[Python-Dev] PEP 332 revival in coordination with pep 349? [ Was:Re: release plan for 2.5 ?]

Tue Feb 14 09:09:22 CET 2006

On Mon, Feb 13, 2006 at 03:44:27PM -0800, Guido van Rossum wrote:

> But adding an encoding doesn't help. The str.encode() method always
> assumes that the string itself is ASCII-encoded, and that's not good
> enough:

> >>> "abc".encode("latin-1")
> 'abc'
> >>> "abc".decode("latin-1")
> u'abc'
> >>> "abc\xf0".decode("latin-1")
> u'abc\xf0'
> >>> "abc\xf0".encode("latin-1")
> Traceback (most recent call last):
>   File "<stdin>", line 1, in ?
> UnicodeDecodeError: 'ascii' codec can't decode byte 0xf0 in position
> 3: ordinal not in range(128)

These comments disturb me. I never really understood why (byte) strings grew
the 'encode' method, since 8-bit strings *are already encoded*, by their
very nature. I mean, I understand it's useful because Python does
non-unicode encodings like 'hex', but I don't really understand *why*. The
benefits don't seem to outweigh the cost (but that's hindsight.)

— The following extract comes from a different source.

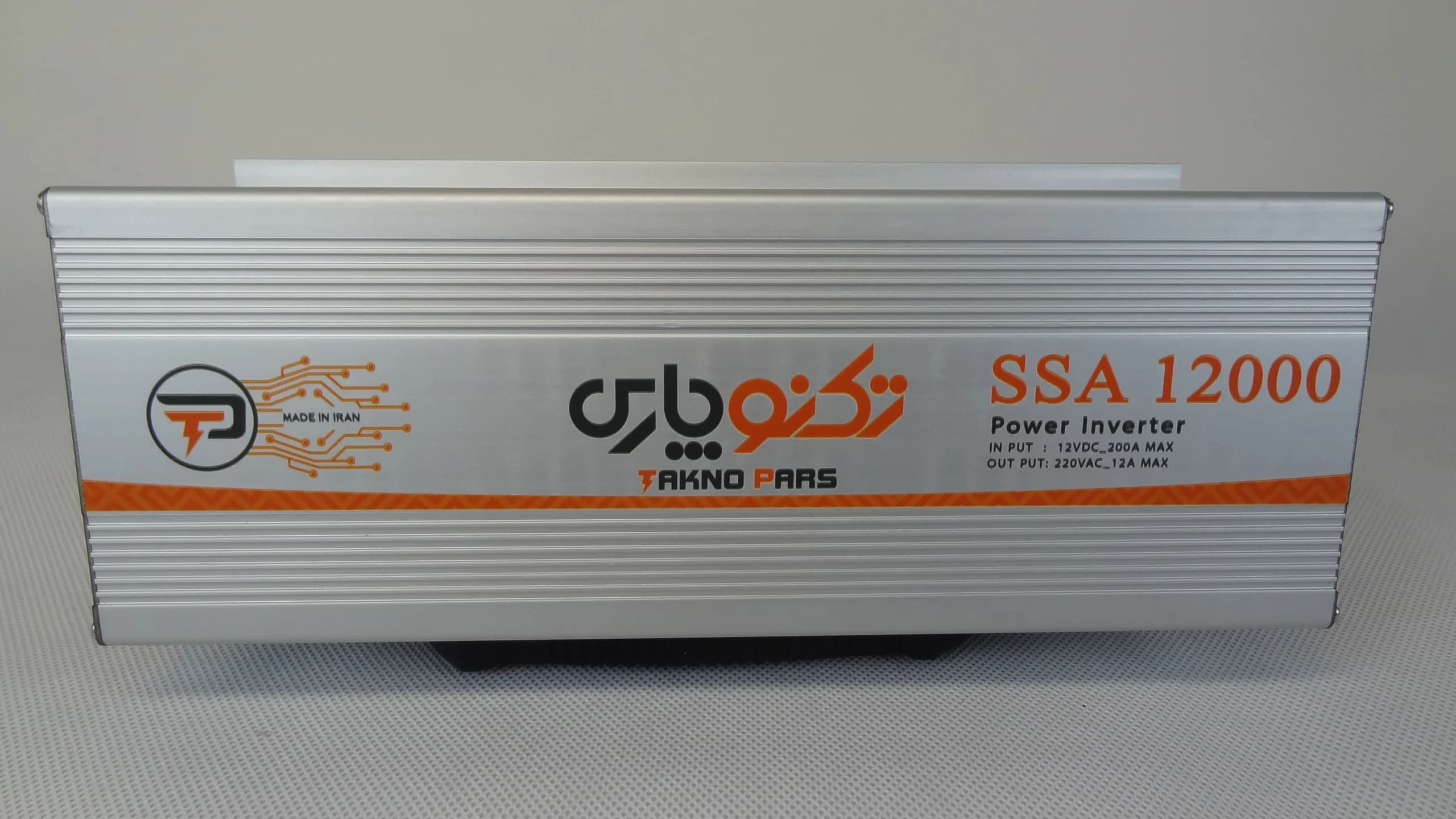 مبدل برق خودرو تکنو پارس SSA12000 — تصویر ۴
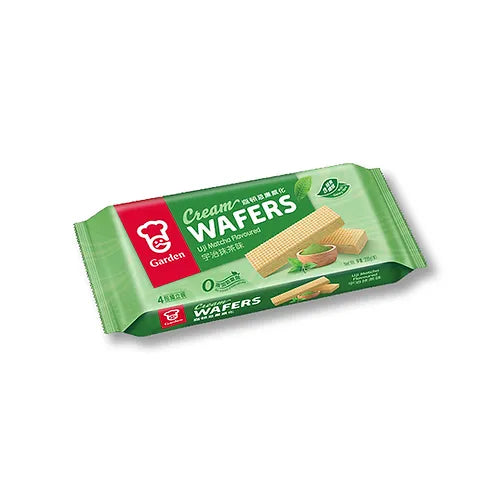 GARDEN Uji Matcha Flavoured Cream Wafers 200g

Directly encoding a (byte) string into a unicode encoding is mostly useless,
as you've shown. The only use-case I can think of is translating ASCII in,
for instance, EBCDIC. Encoding anything into an ASCII superset is a no-op,
unless the system encoding isn't 'ascii' (and that's pretty rare, and not
something a Python programmer should depend on.) On the other hand, the fact
that (byte) strings have an 'encode' method creates a lot of confusion in
unicode-newbies, and causes programs to break only when input is non-ASCII.
And non-ASCII input just happens too often and too unpredictably in
'real-world' code, and not enough in European programmers' tests ;P

Unicode objects and strings are not the same thing. We shouldn't treat them
as the same thing. They share an interface (like lists and tuples do), and
if you only use that interface, treating them as the same kind object is
mostly ok. They actually share *less* of an interface than lists and tuples,
though, as comparing strings to unicode objects can raise an exception,
whereas comparing lists to tuples is not expected to. For anything less
trivial than indexing, slicing and most of the string methods, and anything
what so ever involving non-ASCII (or, rather, non-system-encoding), unicode
objects and strings *must* be treated separately. For instance, there is no
correct way to do:

  s.split("\x80")

unless you know the type of 's'. If it's unicode, you want u"\x80" instead
of "\x80". If it's not unicode, splitting "\x80" may not even be sensible,
but you wouldn't know from looking at the code -- maybe it expects a
specific encoding (or encoding family), maybe not. As soon as you deal with
unicode, you need to really understand the concept, and too many programmers
don't. And it's very hard to tell from someone's comments whether they fail
to understand or just get some of the terminology wrong; that's why Guido's
comments about 'encoding a byte string' and 'what if the file encoding is
Unicode' scare me. The unicode/string mixup almost makes me wish Python
was statically typed.

So please, please, please don't make the mistake of 'doing something' with
the 'encoding' argument to 'bytes(s, encoding)' when 's' is a (byte) string.
It wouldn't actually be usable except for the same things as 'str.encode':
to convert from ASCII to non-ASCII-supersets, or to convert to non-unicode
encodings (such as 'hex'.) You can achieve those two by doing, e.g.,
'bytes(s.encode('hex'))' if you really want to. Ignoring the encoding
(rather than raising an exception) would also allow code to be trivially
portable between Python 2.x and Py3K, when "" is actually a unicode object.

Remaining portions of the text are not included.